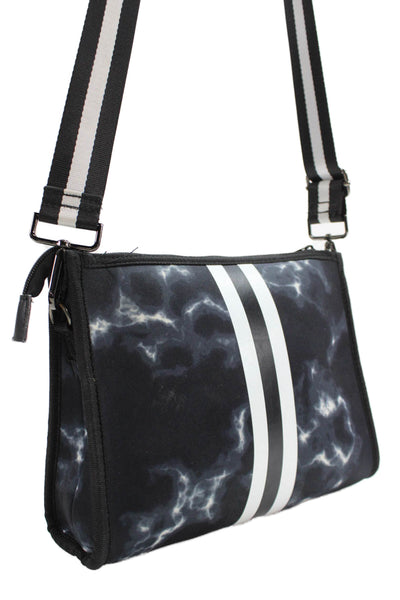 Haute Shore Womens Striped Detail Tie Dye Zippered Shoulder Bag Black
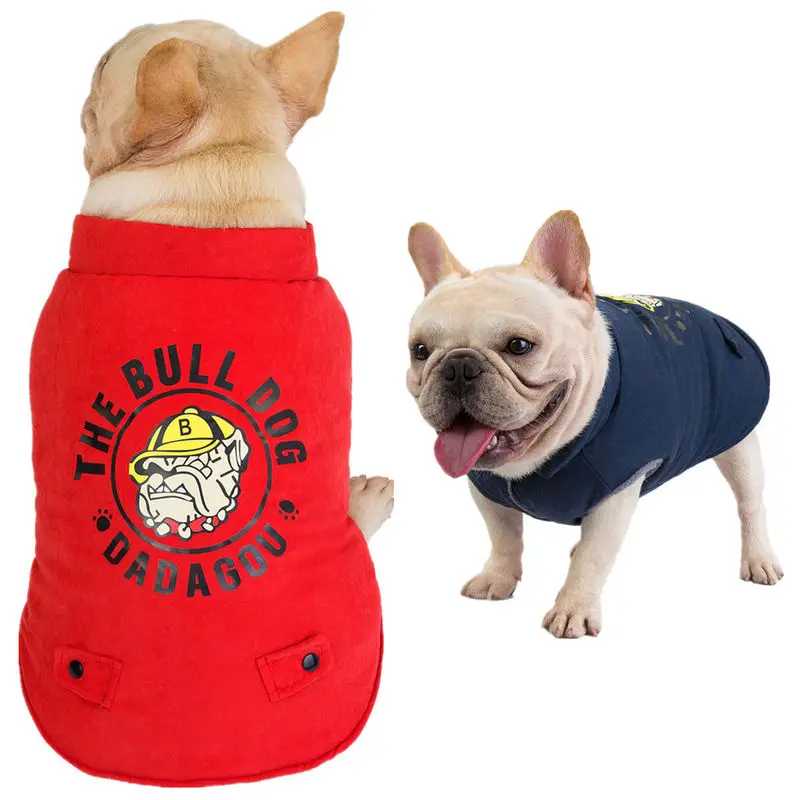 

Dog Clothes Print Clothing Pet Super Dogs Thermo Outfits Small Cotton Cute Jacket French Bulldog Autumn Red Girl Collar Perro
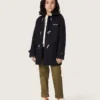 Boys’ dark blue hooded duffle coat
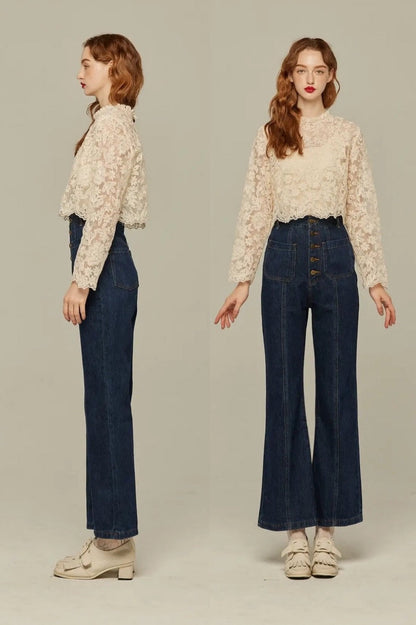 フロントボタンハイウエストデニムパンツ-Navy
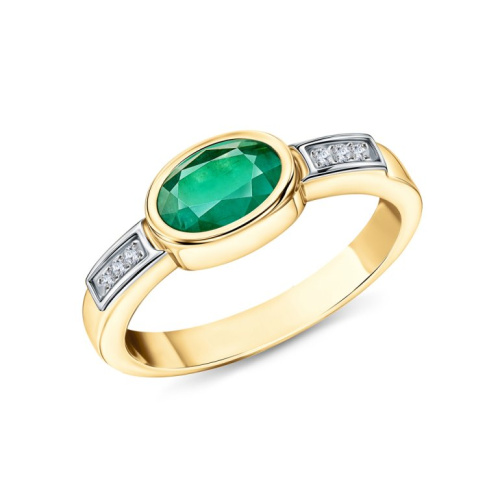 Золотое кольцо с бриллиантами природными и изумрудами природными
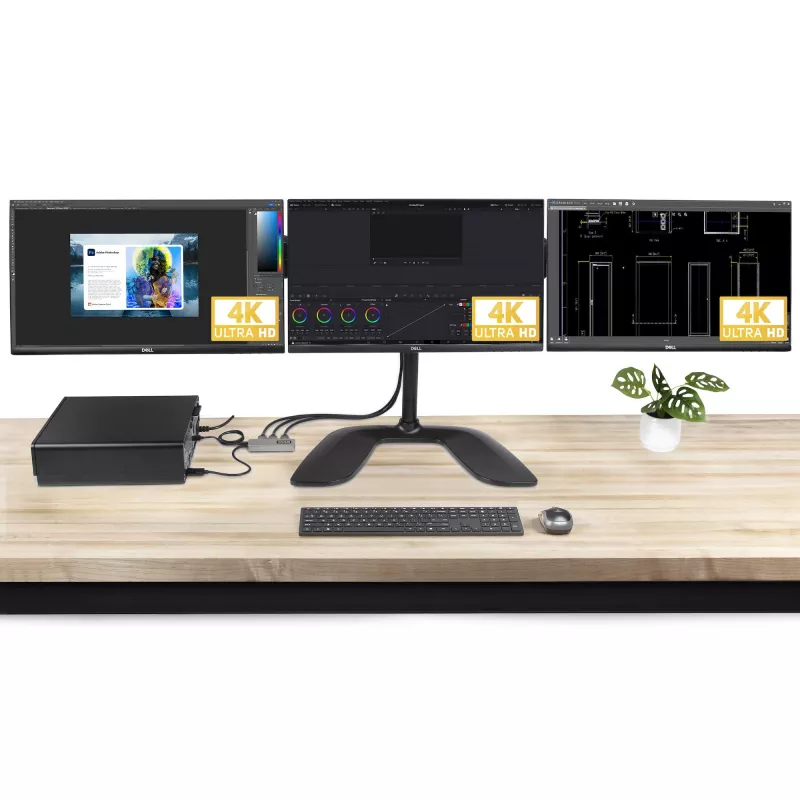 StarTech.com hub MST de 3 puertos - DisplayPort a 3x HDMI, triple monitor 4K 60Hz, adaptador de vídeo multimonitor DP 1.4, cable integrado de 30cm, alimentado por USB, solo Windows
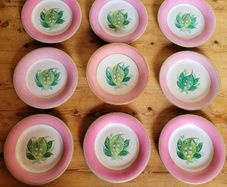Antique handpainted Lily of the valley porcelain dessert service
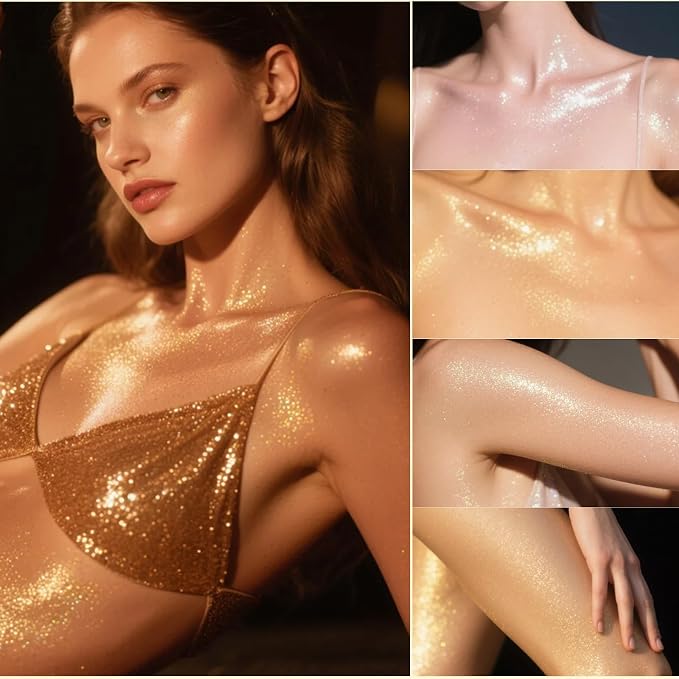 Liyalan Shimmer Body Oil 5 Color Options 1.0 fl.oz Face Glow Pearl Highlighter - Image 6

################

* ABOUT THIS EXERCISE: An exact copy of all the data above is required; omit any pictures.

* RESPONSE:
 Haute Shore Womens Striped Detail Tie Dye Zippered Shoulder Bag Black

Dog Clothes Print Clothing Pet Super Dogs Thermo Outfits Small Cotton Cute Jacket French Bulldog Autumn Red Girl Collar Perro
 Boys’ dark blue hooded duffle coat
 フロントボタンハイウエストデニムパンツ-Navy
 Золотое кольцо с бриллиантами природными и изумрудами природными
 StarTech.com hub MST de 3 puertos - DisplayPort a 3x HDMI, triple monitor 4K 60Hz, adaptador de vídeo multimonitor DP 1.4, cable integrado de 30cm, alimentado por USB, solo Windows
Antique handpainted Lily of the valley porcelain dessert service
 Liyalan Shimmer Body Oil 5 Color Options 1.0 fl.oz Face Glow Pearl Highlighter - Image 6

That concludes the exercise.